Ok, muitos são os que gostaram do filme
e argumentam serem inapropriadas as comparações. Elas, no entanto, são
inevitáveis, visto se tratar da adaptação de uma obra que já teve a sua versão
para o cinema. Adaptação essa que se tornou um clássico, de modo a dispensar
uma regravação inferior. Peirce tinha um belo material em mãos: a obra de King,
a atual discussão do Bulliyng, a tecnologia do mundo contemporâneo. Ela utiliza
tais recursos, mas não de modo a fazer um filmão, se é que era essa a intenção
dela... Sejamos justos, claro: a cena da gestação de Carrie, que abre o filme,
é fantástica; os efeitos sonoros são bons e não passam despercebidos aos
ouvidos do telespectador atento; o uso dos aparelhos celulares para fotografar
Carrie em total desespero devido a sua primeira menstruação, bem como a
exibição do vídeo no telão no momento da humilhação final (surpresa até mesmo para
o telespectador!), foram excelentes ideias. Diferente daquela Carrie de 1976,
que apanhava pilhas de livros na biblioteca da escola para se inteirar sobre a
telecinesia, a Carrie de agora também pesquisa sobre o tema na internet, tal
como a Carrie de 2002. Não posso, porém, deixar de fazer um questionamento: na
era da internet e em tempos em que adolescentes discutem (e até vivem)

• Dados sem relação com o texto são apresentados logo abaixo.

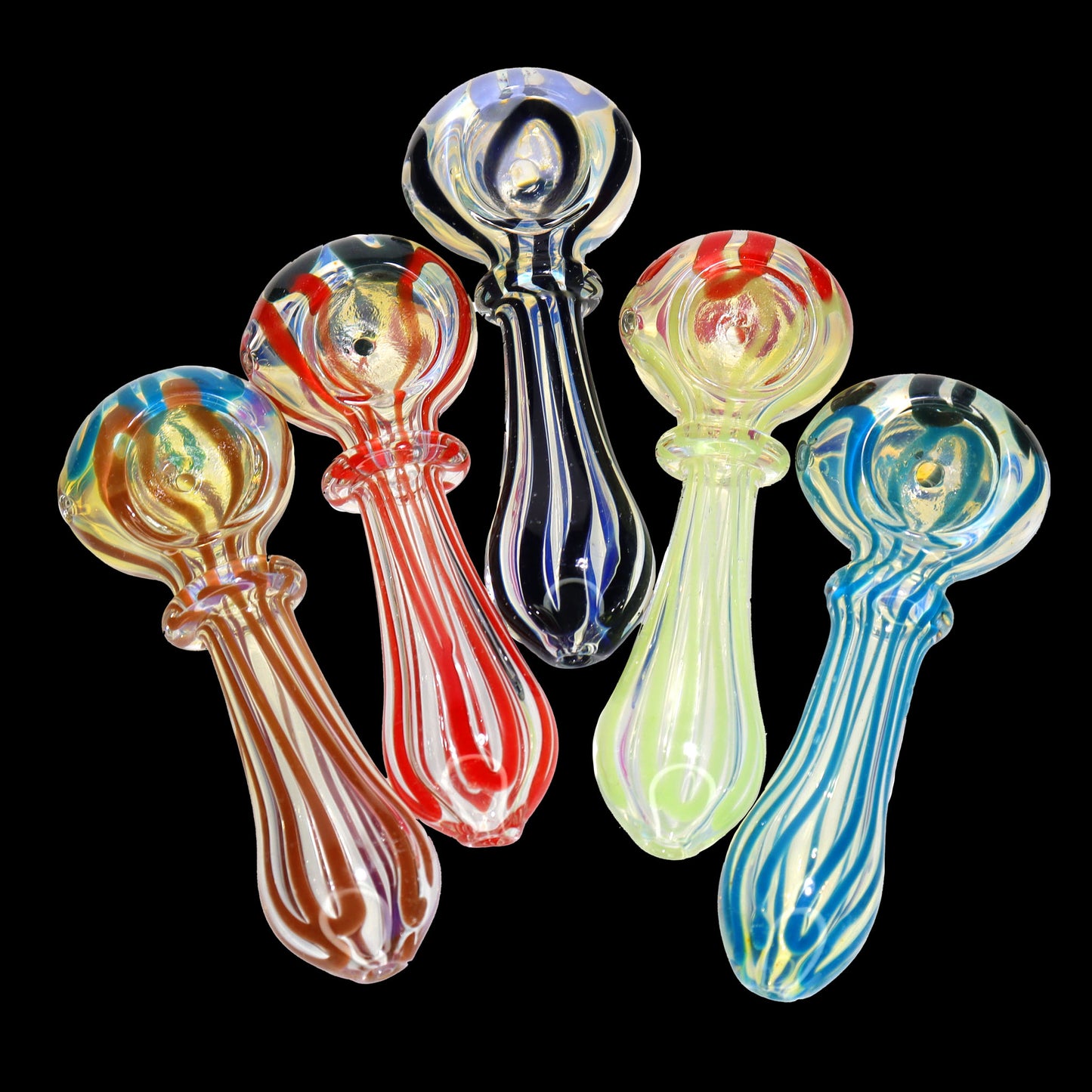 105 PCS – JAR #61 Assorted Color Striped Glass Hand Pipes – Wholesale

livremente a sexualidade, seria possível que uma jovem se mantivesse alheia às
transformações do seu corpo? Seria possível que uma adolescente não soubesse
nada sobre a menstruação? Talvez a obra de King não seja assim tão atual, ao
menos neste aspecto...
No que toca à fidelidade à obra, não há
dúvida de que a versão de 2002 é a que sai na frente nesse sentido, embora os
últimos cinco minutos hajam destruído toda a obra, que já não era nenhuma
maravilha (um filme bom, e só). Naturalmente, caso fosse perguntado sobre qual
a melhor versão, eu responderia de pronto ser a de De Palma. Consideremos,
porém, que se tratam de três filmes diferentes, produzidos com objetivos e
olhares distintos. Além disso, é preciso que os críticos (mesmo os de beira de
estrada, como eu) procurem um equilíbrio entre a precisão e maturidade de sua
crítica e a nostalgia. Assistindo a Carrie
(2013) pela primeira vez, considerei-o um fiasco, é verdade. Tal opinião,
porém, não foi a mesma quando o vi uma semana depois. Agora, para mim, esta
obra de Peirce é apenas um filme legal, suportável, desses que a gente assiste
para passar o tempo e não o vê nunca mais. Infelizmente, um filme que não
atende às expectativas geradas por toda a publicidade que o antecedeu e que
chega a decepcionar os adoradores da obra de King e de De Palma. Mas fazer o
quê?
Recomendo, sim, que todos vão ao cinema
para conferir esta nova Carrie, mas recomendo, também, conhecer aquela que
inaugurou esta trágica história no cinema. Nostalgia ou não, continuará a ser
inesquecível para mim aquela estranha de 1976, com os seus cabelos de piaçava
contrastando com os volumosos cabelos de suas colegas de turma; com a sua
assustadora Margaret White e sua crueldade quase palpável; com o seu sensual
banho de ducha e seu desfecho assustador; com os seus arregalados olhos azuis e
sua merecida revanche; com a sua lição de como o fanatismo e a intolerância
podem destruir a vida de um ser humano.